Stéphanie Chuat et Véronique Reymond confient leur méthode de travail à deux : "Florence Loiret Caille nous surnomme « l’aigle à deux têtes », ce qui nous amuse. D’autres ont utilisé l’image du bimoteur.... De notre côté, comme nous nous connaissons depuis l’enfance, nous avons « grandi ensemble » et n’avons jamais verbalisé notre rapport de travail, car il s’est construit de manière intuitive et empirique, au travers de nos diverses activités artistiques. Nous écrivons à quatre mains et travaillons de la même manière sur le plateau, aussi bien avec les acteurs qu’avec l’équipe technique. Si l’une s’adresse au chef opérateur, l’autre ira plutôt parler aux acteurs, et vice-versa, en fonction des scènes à tourner."

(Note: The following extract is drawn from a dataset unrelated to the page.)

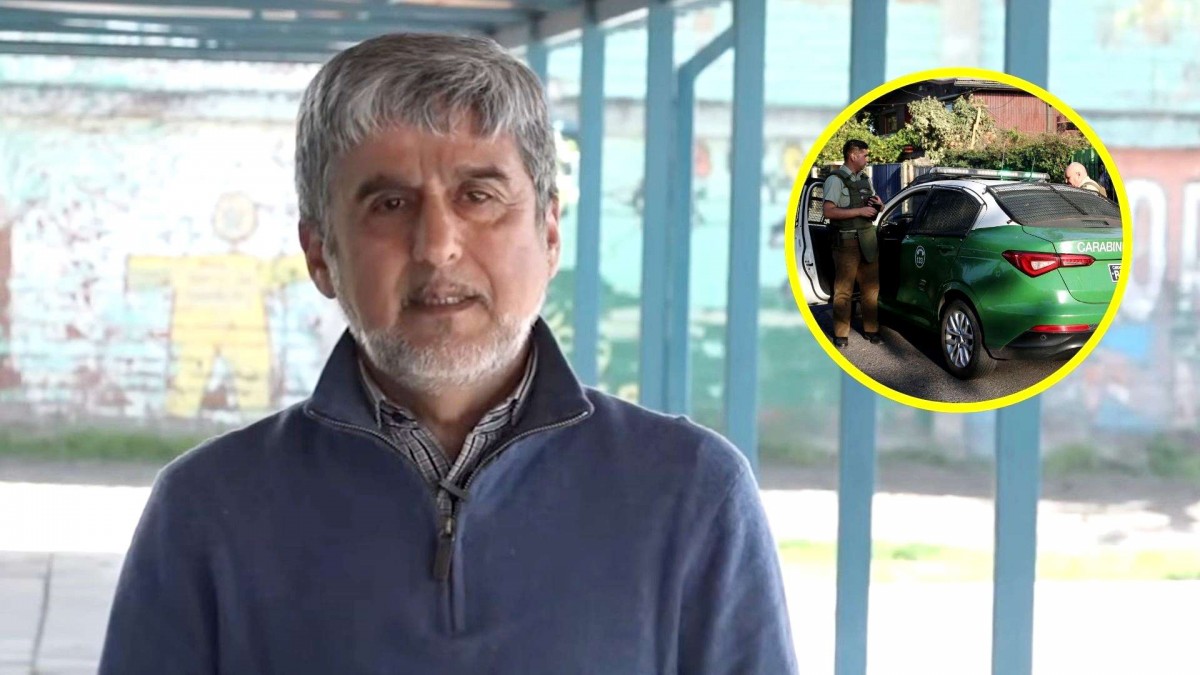 El emotivo video de profesor asesinado en El Bosque: 'No hay nada mejor que trabajar en lo que a uno le gusta'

La technique de direction d'acteur était simple pour les réalisatrices : "On ne lâche pas prise tant qu’on n’est pas satisfaites. La contrainte est un excellent moteur qui, paradoxalement, libère la créativité. La réussite d’une scène est due à l’interaction des personnages, au lien qui se tisse entre eux. Le jeu n’existe qu’à travers la relation à l’autre, même non verbale. Pour notre plus grand bonheur, Michel Bouquet et Florence Loiret Caille se sont vraiment rencontrés sur le plateau de La Petite Chambre."